Readers Comment It is shocking to me that revenues from all my future income tax and even my young children’s future tax payments have already been committed by our national debt. If it is not some kind of nefarious carve-up, why would the UK wage 2 unnecessary wars costing billions when we do not have the money.

debt is a burden on the future, a gamble on increasing growth and prosperity how can that mesh with a rapidly expanding population on a small delicate planet with finite resources?

We are borrowing the money for these wars, and paying interest to private entities !!
Am I right saying that the BofE sells and buys bonds when it wants more cash?

  • If the government needs to borrow money then the Bank of England sells government-backed bonds to the private sector. This is how the government raises revenue. When the government has a budget surplus it can buy back more bonds than it sells.

Government Debt

  • Government borrowing does create a burden on the future Future Taxpayers will have to pay debt interest plus the debt. (Interestingly, the current payments on debt interest payments are equivalent to total spending on defence.)
  • The Benefit of borrowing now is that current taxpayers benefit from lower tax rates (than they should be) and/or higher government spending. Borrowing can be beneficial if it is invested in improving long term productive capacity of the economy.
  • The problem is that reducing national debt now would exacerbate the economic downturn. e.g. higher taxes would reduce consumer spending and lead to slower growth.
  • The government predicted (hoped) continual economic growth would keep national debt manageable, but, the economic slowdown means National debt will increase by more than they expected.
  • You could argue the government have wasted the last 15 years of economic growth. This would have been a good time to keep reducing national debt as a % of GDP, rather than allow it to rise. (from 29% of GDP in 2003 to 40% now)

  • The military operations in Iraq and Afghanistan are certainly expensive, but as a % of GDP, they are relatively small. The whole defence budget accounts for (roughly) 3% of GDP or £31 billion.
  • National Debt in the UK is high at 40% of GDP £535bn. However, you could argue comparatively it is not too bad. National Debt has been much higher e.g. last recession, it reached over 45% of GDP National Debt in European countries like Italy is over 100%. See: National Debt statistics
  • The real problem for National Debt in the UK and other developed countries is the demographic time bomb. The UK has an ageing population. This means more old people to claim pensions, but not pay income tax.

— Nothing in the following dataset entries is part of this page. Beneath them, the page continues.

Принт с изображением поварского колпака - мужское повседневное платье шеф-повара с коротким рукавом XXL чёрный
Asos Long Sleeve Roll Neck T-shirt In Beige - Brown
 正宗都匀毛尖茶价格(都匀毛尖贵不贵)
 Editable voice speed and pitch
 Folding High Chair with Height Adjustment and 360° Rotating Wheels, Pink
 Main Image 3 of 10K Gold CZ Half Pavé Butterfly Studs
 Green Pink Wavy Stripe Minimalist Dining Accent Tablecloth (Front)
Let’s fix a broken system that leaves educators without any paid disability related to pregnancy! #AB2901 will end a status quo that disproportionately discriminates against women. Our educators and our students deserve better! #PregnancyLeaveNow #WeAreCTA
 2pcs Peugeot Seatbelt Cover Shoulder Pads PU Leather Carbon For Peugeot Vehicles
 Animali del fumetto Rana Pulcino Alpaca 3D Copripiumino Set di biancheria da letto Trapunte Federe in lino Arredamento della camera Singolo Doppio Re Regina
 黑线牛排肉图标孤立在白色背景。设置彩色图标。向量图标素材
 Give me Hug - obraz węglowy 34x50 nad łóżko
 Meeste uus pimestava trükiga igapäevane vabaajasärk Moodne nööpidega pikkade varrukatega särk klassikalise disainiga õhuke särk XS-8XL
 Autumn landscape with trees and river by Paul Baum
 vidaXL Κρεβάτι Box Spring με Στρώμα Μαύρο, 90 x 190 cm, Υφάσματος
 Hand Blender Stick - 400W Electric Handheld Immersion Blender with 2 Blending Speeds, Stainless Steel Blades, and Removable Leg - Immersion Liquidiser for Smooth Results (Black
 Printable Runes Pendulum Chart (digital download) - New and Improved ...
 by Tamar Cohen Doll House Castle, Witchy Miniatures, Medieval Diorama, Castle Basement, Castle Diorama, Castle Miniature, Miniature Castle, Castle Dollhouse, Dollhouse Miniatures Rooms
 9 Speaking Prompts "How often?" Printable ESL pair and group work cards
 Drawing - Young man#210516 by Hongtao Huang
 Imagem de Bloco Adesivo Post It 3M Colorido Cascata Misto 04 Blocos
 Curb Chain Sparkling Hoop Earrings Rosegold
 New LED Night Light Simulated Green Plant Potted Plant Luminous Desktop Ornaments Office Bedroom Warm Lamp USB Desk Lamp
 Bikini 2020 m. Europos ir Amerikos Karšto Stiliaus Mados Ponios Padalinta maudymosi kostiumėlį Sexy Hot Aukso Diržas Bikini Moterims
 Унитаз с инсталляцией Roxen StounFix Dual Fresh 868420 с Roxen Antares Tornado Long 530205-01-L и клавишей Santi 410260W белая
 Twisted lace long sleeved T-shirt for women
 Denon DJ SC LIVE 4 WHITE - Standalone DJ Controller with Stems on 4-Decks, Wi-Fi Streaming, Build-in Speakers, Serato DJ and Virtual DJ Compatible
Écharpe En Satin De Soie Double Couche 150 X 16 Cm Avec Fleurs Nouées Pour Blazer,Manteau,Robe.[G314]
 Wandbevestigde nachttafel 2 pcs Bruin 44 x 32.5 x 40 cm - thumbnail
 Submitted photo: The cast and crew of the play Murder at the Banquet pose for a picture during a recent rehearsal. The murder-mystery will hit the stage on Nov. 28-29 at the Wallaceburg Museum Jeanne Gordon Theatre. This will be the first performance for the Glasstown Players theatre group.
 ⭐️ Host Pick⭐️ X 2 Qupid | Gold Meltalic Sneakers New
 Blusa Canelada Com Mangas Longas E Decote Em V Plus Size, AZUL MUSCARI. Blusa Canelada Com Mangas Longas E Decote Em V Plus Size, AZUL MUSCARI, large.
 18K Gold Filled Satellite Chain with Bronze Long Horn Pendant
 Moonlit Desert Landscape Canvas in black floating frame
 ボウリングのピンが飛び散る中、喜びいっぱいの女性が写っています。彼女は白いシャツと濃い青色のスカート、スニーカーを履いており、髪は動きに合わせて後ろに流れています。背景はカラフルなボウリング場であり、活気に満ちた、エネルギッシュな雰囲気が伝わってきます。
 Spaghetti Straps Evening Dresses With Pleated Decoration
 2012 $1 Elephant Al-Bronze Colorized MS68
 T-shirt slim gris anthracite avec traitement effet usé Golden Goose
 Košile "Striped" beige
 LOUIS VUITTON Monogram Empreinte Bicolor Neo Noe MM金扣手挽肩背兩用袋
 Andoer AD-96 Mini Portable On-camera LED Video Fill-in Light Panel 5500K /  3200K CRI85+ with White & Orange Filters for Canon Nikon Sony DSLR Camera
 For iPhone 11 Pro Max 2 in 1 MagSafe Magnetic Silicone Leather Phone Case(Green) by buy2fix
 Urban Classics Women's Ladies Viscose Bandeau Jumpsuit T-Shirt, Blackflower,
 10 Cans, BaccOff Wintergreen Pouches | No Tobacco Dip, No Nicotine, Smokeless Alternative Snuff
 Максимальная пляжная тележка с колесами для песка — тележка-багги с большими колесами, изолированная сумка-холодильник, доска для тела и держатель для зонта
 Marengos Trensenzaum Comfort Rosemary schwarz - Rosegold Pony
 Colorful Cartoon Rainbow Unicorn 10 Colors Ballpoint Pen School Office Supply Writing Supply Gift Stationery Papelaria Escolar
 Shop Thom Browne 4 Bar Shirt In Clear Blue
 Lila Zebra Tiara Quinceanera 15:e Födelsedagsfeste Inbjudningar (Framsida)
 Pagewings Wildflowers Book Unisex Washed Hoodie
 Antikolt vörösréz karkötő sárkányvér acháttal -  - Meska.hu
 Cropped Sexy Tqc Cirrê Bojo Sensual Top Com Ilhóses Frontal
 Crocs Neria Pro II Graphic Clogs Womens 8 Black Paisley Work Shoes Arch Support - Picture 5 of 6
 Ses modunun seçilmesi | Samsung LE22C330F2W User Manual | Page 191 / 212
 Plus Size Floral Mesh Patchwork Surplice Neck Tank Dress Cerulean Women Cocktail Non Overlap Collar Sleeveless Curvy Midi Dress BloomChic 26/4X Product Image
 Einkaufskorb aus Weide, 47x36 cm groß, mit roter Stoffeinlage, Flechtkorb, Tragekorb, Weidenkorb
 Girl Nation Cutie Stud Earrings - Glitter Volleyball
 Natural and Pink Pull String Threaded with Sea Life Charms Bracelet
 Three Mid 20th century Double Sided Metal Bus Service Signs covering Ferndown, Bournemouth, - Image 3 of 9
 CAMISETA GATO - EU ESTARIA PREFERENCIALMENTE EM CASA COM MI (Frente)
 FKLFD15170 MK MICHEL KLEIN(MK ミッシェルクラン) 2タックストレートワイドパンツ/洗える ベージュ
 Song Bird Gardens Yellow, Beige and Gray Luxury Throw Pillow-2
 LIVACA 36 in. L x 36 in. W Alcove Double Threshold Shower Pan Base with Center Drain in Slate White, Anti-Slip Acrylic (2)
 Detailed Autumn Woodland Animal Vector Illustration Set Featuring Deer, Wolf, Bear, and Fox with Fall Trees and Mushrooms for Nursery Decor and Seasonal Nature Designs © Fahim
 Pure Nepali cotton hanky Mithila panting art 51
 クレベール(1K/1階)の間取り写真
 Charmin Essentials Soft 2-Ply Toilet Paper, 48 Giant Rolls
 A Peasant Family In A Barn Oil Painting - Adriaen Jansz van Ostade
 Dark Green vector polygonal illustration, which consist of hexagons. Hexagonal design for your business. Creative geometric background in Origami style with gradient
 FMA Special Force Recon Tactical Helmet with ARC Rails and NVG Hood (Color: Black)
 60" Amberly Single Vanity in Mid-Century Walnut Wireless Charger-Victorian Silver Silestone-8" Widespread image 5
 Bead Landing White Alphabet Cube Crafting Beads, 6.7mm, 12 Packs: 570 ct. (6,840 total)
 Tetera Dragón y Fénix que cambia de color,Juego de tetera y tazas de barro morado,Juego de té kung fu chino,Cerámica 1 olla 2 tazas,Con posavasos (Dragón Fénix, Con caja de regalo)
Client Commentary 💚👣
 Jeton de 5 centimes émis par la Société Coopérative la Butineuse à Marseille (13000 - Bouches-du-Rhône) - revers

This ageing population will squeeze future government spending and place greater strains on government borrowing in the future.
  • Some argue National Debt looks a lot worse if you include pension commitments. (It is even worse if you include the liability of Northern Rock.

Further Reading

2 thoughts on “Government Debt Statistics 2008”

  1. Why are future debt commitments, pensions, PFI repayments, Northern Rock, et al, not part of the National Debt? The treasury must do cash flow projections (?) to calculate how much income it needs. Don’t these factor into the calculations?